▶ **WHAT THIS TASK INVOLVES**
Taking the line that contains "Dacia Sandero - 11" as the first, copy exactly every line through the last line of the records, and nothing else.

▶ **DATASET CONTENT**
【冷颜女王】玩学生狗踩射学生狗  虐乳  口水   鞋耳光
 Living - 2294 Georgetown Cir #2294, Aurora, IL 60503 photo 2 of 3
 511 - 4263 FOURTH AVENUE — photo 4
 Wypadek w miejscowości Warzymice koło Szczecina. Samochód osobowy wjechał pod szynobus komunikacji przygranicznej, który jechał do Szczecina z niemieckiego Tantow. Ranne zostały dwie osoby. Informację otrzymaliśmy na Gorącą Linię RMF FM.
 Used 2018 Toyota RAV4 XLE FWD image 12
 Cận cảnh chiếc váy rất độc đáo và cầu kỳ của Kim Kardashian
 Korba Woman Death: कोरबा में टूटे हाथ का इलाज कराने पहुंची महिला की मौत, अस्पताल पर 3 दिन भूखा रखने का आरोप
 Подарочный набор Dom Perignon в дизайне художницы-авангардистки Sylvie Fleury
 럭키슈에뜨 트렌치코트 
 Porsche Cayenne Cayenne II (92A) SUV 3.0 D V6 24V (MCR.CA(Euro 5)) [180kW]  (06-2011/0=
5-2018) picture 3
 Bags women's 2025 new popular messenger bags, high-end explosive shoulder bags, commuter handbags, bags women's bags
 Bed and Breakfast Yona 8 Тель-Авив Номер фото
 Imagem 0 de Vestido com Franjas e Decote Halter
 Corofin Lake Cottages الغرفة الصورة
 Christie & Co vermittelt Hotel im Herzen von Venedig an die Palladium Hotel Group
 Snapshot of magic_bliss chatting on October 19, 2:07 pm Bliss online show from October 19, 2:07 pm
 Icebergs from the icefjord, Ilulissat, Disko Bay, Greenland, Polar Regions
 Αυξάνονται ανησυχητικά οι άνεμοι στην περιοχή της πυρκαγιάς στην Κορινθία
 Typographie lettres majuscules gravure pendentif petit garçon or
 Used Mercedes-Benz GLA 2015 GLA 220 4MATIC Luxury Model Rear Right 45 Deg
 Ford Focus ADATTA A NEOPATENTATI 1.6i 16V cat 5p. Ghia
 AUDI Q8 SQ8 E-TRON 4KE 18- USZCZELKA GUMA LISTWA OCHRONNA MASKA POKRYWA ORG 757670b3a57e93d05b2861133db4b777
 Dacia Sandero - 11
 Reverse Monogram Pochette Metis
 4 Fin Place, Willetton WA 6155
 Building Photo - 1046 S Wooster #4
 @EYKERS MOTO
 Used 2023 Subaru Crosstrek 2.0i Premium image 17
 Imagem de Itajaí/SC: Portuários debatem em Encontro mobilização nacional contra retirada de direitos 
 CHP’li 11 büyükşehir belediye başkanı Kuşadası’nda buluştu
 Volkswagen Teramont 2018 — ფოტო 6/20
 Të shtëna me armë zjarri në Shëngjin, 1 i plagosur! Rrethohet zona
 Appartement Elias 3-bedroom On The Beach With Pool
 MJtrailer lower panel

▶ **TASK ANSWER**
 Dacia Sandero - 11
 Reverse Monogram Pochette Metis
 4 Fin Place, Willetton WA 6155
 Building Photo - 1046 S Wooster #4
 @EYKERS MOTO
 Used 2023 Subaru Crosstrek 2.0i Premium image 17
 Imagem de Itajaí/SC: Portuários debatem em Encontro mobilização nacional contra retirada de direitos 
 CHP’li 11 büyükşehir belediye başkanı Kuşadası’nda buluştu
 Volkswagen Teramont 2018 — ფოტო 6/20
 Të shtëna me armë zjarri në Shëngjin, 1 i plagosur! Rrethohet zona
 Appartement Elias 3-bedroom On The Beach With Pool
 MJtrailer lower panel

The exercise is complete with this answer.